Permasalahannya amunisi olahan tersebut tak tepat guna. Amunisi
pengambilan kebijakan menjadi sia-sia dan tak dapat berdaya hidup di
tengah-tengah objek ataupun target, kenapa amunisi tersebut harus
dilesakkan dari sarangnya.
Dan
pada akhirnya, bahasa senderhana yang bisa kita ambil sekarang adalah
bagaimana seorang pemimpin harus memiliki sikap keterbukaan yang luas
dan tidak terlalu haus akan penghormatan, apalagi harapan tersebut
dinilai lebay. Seperti
halnya, seorang anak manusia yang kebetulan sudah mengenyam semua level
bangku pendidikan, dan ia berhak menyandang gelar pendidikan tersebut
kemanapun ia pergi.
Namun,
ia harus bermuka merah, atau merasa tersinggung ketika orang selain
dirinya lupa menyebutkan gelar yang dimilikinya. Lalu apa yang terjadi?

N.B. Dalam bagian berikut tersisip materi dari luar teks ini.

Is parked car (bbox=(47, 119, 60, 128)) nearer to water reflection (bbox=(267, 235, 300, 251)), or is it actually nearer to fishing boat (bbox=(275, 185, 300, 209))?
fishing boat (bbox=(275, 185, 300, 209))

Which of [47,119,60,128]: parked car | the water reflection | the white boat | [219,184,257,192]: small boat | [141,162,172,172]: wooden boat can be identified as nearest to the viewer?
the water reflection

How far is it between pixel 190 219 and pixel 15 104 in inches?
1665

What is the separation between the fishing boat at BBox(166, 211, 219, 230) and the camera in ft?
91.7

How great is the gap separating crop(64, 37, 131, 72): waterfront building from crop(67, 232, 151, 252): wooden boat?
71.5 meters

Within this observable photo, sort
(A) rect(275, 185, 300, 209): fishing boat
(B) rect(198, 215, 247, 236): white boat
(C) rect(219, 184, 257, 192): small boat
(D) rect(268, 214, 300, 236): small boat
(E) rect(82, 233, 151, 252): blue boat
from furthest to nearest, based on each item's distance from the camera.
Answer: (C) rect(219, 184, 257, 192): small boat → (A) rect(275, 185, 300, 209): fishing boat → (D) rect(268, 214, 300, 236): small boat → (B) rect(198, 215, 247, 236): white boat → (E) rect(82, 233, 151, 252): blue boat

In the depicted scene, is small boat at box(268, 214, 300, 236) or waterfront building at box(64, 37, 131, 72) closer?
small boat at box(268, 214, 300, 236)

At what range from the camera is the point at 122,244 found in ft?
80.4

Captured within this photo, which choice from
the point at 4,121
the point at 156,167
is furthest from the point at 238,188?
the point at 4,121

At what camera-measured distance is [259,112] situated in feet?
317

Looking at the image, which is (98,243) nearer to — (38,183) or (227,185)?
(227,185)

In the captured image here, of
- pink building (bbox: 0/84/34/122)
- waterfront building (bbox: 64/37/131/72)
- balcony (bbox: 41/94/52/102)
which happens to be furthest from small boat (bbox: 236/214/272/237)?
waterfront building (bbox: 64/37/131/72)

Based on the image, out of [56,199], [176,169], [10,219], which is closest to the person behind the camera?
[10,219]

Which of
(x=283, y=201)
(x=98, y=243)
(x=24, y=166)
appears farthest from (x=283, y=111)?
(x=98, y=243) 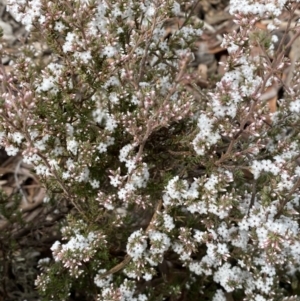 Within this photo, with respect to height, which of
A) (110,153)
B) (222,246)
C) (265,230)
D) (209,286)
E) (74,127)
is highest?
(74,127)

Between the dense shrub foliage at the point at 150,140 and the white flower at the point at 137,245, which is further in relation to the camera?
the white flower at the point at 137,245

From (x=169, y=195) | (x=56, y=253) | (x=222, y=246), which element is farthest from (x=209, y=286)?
(x=56, y=253)

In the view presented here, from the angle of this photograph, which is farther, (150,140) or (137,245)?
(150,140)

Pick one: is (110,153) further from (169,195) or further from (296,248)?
(296,248)

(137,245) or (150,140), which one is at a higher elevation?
(150,140)

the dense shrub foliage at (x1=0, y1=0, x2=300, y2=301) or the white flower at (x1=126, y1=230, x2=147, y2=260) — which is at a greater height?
the dense shrub foliage at (x1=0, y1=0, x2=300, y2=301)

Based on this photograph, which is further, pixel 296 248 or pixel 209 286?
pixel 209 286

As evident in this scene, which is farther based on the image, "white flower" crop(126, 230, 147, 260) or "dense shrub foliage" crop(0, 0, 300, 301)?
"white flower" crop(126, 230, 147, 260)

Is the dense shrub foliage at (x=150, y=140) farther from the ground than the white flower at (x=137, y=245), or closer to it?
farther from the ground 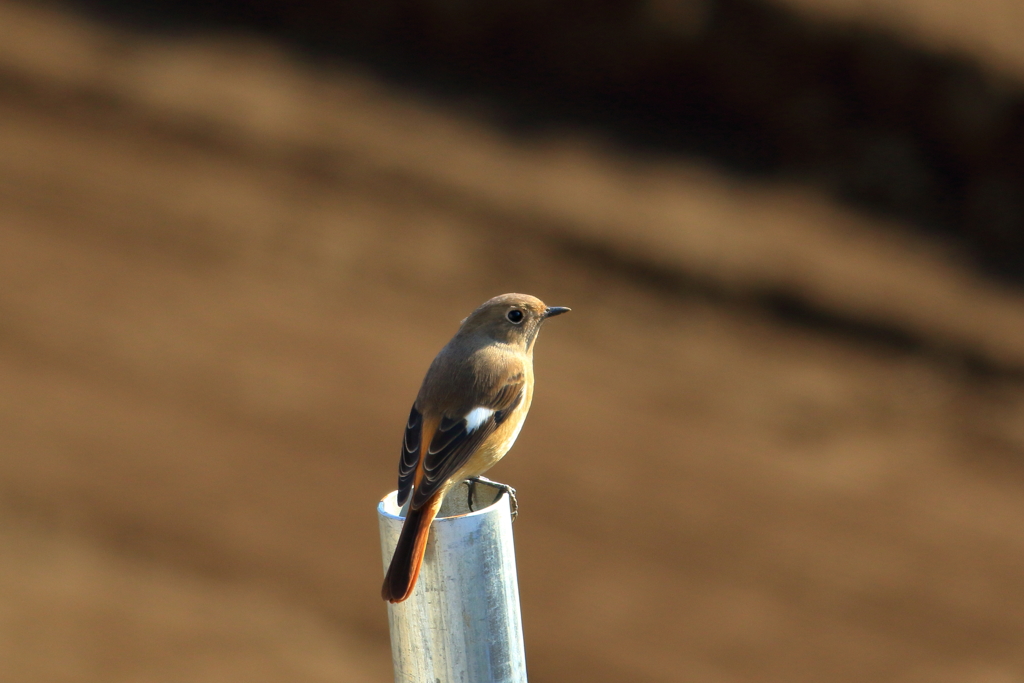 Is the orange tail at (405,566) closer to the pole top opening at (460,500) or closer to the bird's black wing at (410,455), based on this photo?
the pole top opening at (460,500)

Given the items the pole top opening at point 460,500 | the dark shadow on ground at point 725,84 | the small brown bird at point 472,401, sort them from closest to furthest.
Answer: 1. the pole top opening at point 460,500
2. the small brown bird at point 472,401
3. the dark shadow on ground at point 725,84

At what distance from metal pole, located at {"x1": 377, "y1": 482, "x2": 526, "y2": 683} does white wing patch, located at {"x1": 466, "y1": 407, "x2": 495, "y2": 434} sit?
1321 millimetres

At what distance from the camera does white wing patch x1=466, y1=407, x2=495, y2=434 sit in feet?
12.9

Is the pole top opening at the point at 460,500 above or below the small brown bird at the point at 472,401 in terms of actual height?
below

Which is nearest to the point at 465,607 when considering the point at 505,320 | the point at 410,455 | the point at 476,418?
the point at 410,455

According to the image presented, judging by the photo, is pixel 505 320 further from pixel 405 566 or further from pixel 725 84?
pixel 725 84

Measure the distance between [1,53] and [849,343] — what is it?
11.5 metres

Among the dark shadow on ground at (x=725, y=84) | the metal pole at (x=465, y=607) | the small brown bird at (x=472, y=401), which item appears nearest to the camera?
the metal pole at (x=465, y=607)

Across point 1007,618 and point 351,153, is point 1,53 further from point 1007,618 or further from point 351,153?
point 1007,618

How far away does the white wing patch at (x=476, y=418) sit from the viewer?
3.93 meters

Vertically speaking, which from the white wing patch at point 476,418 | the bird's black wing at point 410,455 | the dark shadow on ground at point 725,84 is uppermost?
the dark shadow on ground at point 725,84

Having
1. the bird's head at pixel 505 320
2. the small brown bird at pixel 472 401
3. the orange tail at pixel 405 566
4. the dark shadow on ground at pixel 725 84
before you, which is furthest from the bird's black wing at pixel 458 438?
the dark shadow on ground at pixel 725 84

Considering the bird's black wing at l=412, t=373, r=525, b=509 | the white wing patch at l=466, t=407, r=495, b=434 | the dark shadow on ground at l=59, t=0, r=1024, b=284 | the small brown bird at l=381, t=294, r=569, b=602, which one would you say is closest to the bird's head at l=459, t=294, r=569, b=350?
the small brown bird at l=381, t=294, r=569, b=602

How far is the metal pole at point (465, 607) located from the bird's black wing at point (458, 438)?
1.83 ft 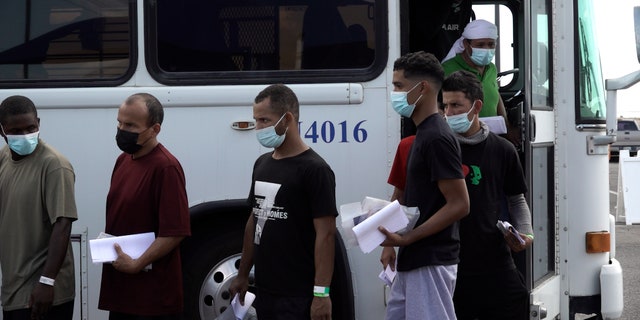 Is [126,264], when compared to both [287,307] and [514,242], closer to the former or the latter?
[287,307]

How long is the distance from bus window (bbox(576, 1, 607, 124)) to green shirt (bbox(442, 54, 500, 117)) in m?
0.58

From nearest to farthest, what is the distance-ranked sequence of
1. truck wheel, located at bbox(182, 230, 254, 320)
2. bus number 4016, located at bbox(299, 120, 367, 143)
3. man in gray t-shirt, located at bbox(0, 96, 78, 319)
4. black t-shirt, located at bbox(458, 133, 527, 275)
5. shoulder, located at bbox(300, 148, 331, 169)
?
shoulder, located at bbox(300, 148, 331, 169)
man in gray t-shirt, located at bbox(0, 96, 78, 319)
black t-shirt, located at bbox(458, 133, 527, 275)
bus number 4016, located at bbox(299, 120, 367, 143)
truck wheel, located at bbox(182, 230, 254, 320)

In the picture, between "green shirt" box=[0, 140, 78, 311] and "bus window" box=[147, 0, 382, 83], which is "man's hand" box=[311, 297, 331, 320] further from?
"bus window" box=[147, 0, 382, 83]

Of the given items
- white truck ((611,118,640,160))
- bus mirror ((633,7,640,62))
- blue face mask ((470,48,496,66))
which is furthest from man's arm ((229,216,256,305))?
white truck ((611,118,640,160))

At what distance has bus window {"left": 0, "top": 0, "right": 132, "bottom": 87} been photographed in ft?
21.0

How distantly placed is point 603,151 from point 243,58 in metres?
2.39

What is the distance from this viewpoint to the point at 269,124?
A: 4.78 meters

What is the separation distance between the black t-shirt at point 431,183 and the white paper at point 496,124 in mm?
1474

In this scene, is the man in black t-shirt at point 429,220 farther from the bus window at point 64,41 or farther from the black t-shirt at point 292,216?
the bus window at point 64,41

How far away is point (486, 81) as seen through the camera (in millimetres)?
6551

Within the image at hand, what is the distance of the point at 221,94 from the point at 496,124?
1598mm

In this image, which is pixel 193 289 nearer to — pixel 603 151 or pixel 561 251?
pixel 561 251

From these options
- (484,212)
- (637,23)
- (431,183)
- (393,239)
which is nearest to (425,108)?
(431,183)

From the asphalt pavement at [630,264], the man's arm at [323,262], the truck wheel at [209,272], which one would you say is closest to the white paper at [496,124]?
the truck wheel at [209,272] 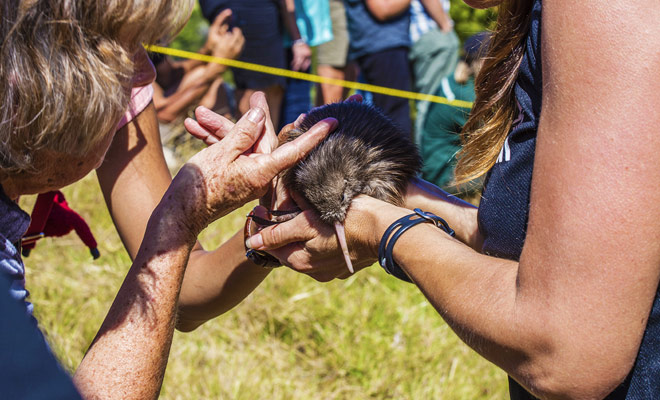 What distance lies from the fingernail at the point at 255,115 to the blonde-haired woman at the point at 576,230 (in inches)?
19.7

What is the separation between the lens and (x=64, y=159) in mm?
1319

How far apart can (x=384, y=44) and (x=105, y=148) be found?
3.65m

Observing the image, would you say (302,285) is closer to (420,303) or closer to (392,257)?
(420,303)

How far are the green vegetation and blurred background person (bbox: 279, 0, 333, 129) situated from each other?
210cm

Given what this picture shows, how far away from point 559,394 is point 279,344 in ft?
7.15

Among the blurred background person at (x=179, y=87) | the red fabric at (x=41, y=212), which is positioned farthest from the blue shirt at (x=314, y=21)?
the red fabric at (x=41, y=212)

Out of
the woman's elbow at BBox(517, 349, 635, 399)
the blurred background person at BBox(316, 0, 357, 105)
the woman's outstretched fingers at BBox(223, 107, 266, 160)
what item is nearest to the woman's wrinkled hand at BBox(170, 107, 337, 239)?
the woman's outstretched fingers at BBox(223, 107, 266, 160)

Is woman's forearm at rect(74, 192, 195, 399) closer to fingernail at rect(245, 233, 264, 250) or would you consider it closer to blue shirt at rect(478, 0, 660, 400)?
fingernail at rect(245, 233, 264, 250)

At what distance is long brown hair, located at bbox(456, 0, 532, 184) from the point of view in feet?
3.96

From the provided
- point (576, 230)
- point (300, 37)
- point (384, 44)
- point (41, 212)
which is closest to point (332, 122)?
point (576, 230)

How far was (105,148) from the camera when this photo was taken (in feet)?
4.57

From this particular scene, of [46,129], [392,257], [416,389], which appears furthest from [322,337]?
[46,129]

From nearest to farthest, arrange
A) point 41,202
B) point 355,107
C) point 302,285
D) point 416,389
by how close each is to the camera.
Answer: point 355,107
point 41,202
point 416,389
point 302,285

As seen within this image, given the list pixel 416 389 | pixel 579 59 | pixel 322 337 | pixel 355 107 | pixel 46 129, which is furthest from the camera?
pixel 322 337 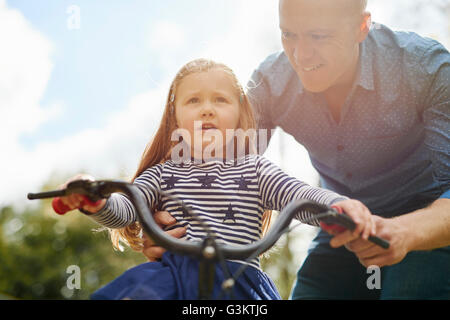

Kekakuan akan mewarnai hubungan antar mereka. Sehingga esensi dan inti
utama tentang sebuah alasan kenapa mereka harus bertemu, dan berdialog
dengan penuh perhatian antar sesama, akan menjadi punah dan sia-sia
begitu saja.
Lebih-lebih
ketika kita berhasil mengaitkannya dengan pemimpin nyata yang ada dalam
keseharian dimana kita hidup dan sebagainya. Haus akan penghormatan
yang berlebih, membuat proses leadership dan
penerimaan akan ide, menjadi hampa dan tak bernilai. Alih-alih
menyelesaikan permasalahan yang rumit, hal yang sangat sederhana saja,
seringkali memiliki cita rasa yang rumit dan sebagainya.